The CA, she said, was in consultation with the IEBC and service providers on how best to handle about 1,000 polling stations that are not covered by 3G/4G.

Transmission of results was at the centre of the 2017 Supreme Court decision nullifying the presidential election.

The apex court questioned IEBC’s “inexcusable contravention” of not transmitting results for 11,000 polling stations, some in areas like Kiambu, Murang’a and Kisumu town, places that were thought to have generally good network.

Ms Kassait’s office is a creation of the Data Protection Act under Article 260 (q) of the Constitution.

Data controllers

The office is mandated to maintain a register of data controllers and regulate processing of personal data, such as health and biometrics.

The law gives the commissioner powers to ensure security of the three types of data submitted by Kenyans to various processors and controllers – health, biometrics and personal details.

Besides the IEBC, processors and controllers whose activities are under the commissioner include the National Registration Bureau, hospitals, the National Hospital Insurance Fund and the National Social Security Fund.

So critical is Ms Kassait’s role that the roll-out of Huduma Namba to replace the national identity cards had to be delayed to await her vetting and approval by Parliament, with President Uhuru Kenyatta back then urging the House to fast-track the data law and, later, the approval of Ms Kassait.

Mr Muhati was named as head of Huduma Kenya and is in charge of the 52 Huduma Centres, the one-stop shop for most government services, including application for and fresh and duplicate identity cards.

The 52 centres are also critical in the rollout of the planned Huduma Namba.

Ms Nderitu, on the other hand, is charged with arbitrating in party squabbles as well as managing the Political Parties Fund.

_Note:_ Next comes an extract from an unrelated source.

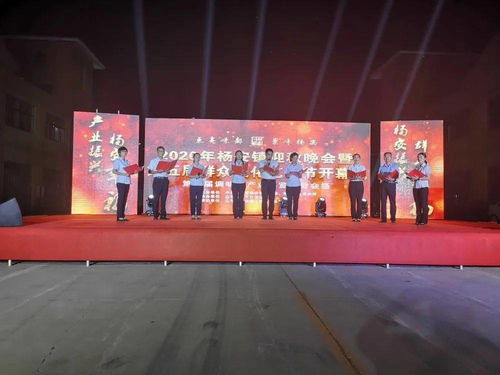 太熱鬧啦！2020楊安鎮(zhèn)迎秋晚會(huì)暨第五屆群眾文化藝術(shù)節(jié)盛大開(kāi)幕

Her office is crucial to the elections as she will be mandated to register political parties as well as receive, evaluate and register pre-election coalitions.

Party membership lists

Ms Nderitu’s office will also be in charge of political party membership lists, which will be used in the party primaries; the all-important precursor to the general election.

The registrar is also tasked with allocating funds for political party operations based on their strength.

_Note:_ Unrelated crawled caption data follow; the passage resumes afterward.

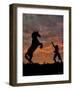 Sunset Silhouette-Barry Hart-Framed Giclee Print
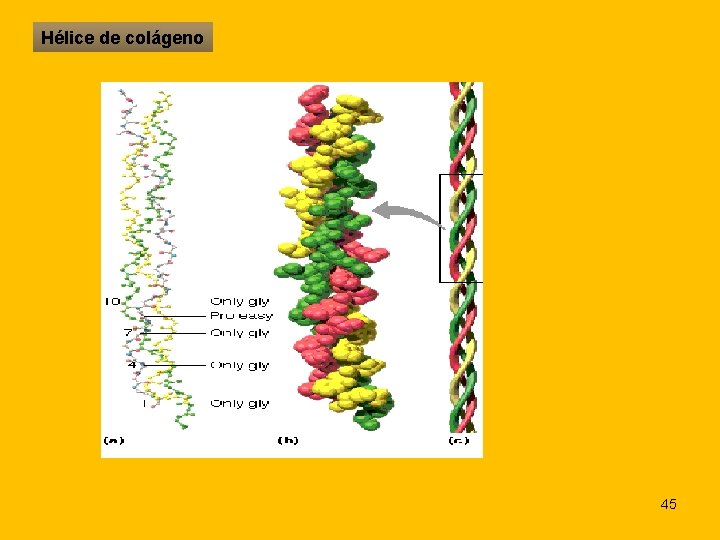 Hélice de colágeno 45 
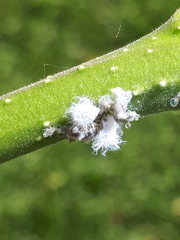 Prociphilus bumeliae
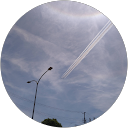 vivi profile picture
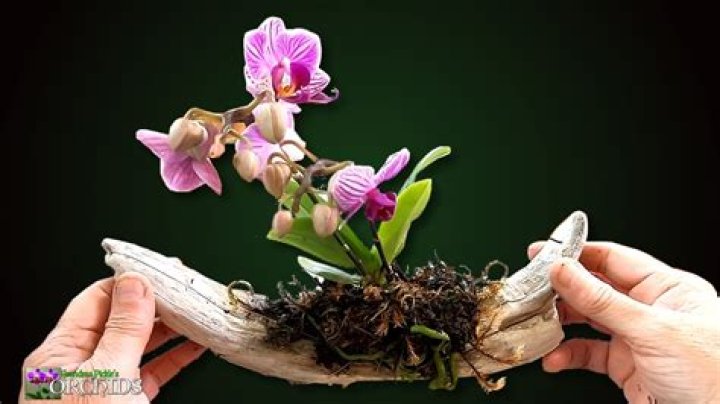 How do you plant orchids in driftwood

Only President Uhuru Kenyatta’s Jubilee and Raila Odinga’s Orange Democratic Movement (ODM) qualify for the fund.

Parties are required to have at least three per cent of the total votes cast in a preceding general election to qualify for funding.

The law also requires that for parties to qualify, they must have at least three elected governors, 20 members of the National Assembly, three of the 47 senators and at least 40 members of the county assemblies.

This caveat means other big political parties such as Kalonzo Musyoka’s Wiper, Musalia Mudavadi’s ANC, Kanu of Baringo senator Gideon Moi, Moses Wetang’ula’s Ford-Kenya and Machakos Governor Alfred Mutua’s Maendeleo Chap Chap do not qualify for state funding.